UMOD And The Architecture Of Kidney Disease Ⅱ

GWAS for urinary levels of uromodulin 

The availability of reliable assays and protocols to measure uromodulin levels allowed for analyzing the genetic factors associated with its excretion [71]. A first meta-GWAS approach performed on 10,884 individuals of European descent from six cohorts identified common variants within the promoter of UMOD as the single genome-wide significant locus associated with the levels of uromodulin in urine [40]. The top UMOD promoter variant, rs12917707, was associated in a dose-dependent fashion with the urinary levels of uromodulin, and in strong LD with the CKD variants [40].

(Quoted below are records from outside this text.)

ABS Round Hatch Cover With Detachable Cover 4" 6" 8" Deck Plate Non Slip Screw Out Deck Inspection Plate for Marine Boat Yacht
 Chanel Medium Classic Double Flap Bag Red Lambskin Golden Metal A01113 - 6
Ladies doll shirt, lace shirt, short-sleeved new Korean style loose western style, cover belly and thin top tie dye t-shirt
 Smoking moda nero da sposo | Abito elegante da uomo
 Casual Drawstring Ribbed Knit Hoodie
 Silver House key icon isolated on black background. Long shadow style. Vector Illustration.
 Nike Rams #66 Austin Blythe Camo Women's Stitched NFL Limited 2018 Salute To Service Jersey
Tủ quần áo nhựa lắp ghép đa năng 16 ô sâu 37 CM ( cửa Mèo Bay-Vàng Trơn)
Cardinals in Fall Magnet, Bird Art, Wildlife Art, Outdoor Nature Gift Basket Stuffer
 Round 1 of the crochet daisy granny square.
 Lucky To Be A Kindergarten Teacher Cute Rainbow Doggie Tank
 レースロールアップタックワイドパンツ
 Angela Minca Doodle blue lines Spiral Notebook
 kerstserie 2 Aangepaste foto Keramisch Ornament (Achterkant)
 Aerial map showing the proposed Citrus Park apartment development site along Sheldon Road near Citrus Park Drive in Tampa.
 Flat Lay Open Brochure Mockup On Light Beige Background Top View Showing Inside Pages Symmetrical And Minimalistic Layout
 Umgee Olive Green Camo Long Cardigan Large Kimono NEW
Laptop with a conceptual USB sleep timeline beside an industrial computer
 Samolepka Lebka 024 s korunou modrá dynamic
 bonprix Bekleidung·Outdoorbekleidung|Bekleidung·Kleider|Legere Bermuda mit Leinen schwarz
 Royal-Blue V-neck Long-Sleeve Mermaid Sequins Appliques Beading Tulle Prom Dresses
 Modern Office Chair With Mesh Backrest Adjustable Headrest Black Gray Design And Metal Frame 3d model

A meta-analysis designed to increase the power to detect novel loci was recently conducted in 29,315 individuals of European ancestry from 13 cohorts including CoLaus [29]. Two genome-wide signifcant signals were identified for the urinary levels of uromodulin: a novel locus over the KRT40 gene coding for keratin-40 (KRT40), a type 1 keratin expressed in the kidney, and the UMOD-PDILT locus, with two independent sets of single nucleotide polymorphisms spread over UMOD and the adjacent PDILT. In follow-up experiments, KRT40 was shown to colocalize with uromodulin in TAL cells, while knock-down of KRT40 expression in primary mTAL cells affected uromodulin processing and excretion, providing a biological counterpart for the GWAS association [29]. Keratins are intermediate filaments that form the cytoskeleton in epithelial cells. As cytoskeletal proteins, keratins are involved in maintaining the physical integrity, mechanical stability, and intracellular organization within cells—for example, trafficking of proteins to the plasma membrane [8, 28]. That altered expression of KRT40 affects uromodulin (and also ROMK) processing in TAL cells suggests a role of specific cytokeratins on the sorting of proteins in kidney tubular cells [29]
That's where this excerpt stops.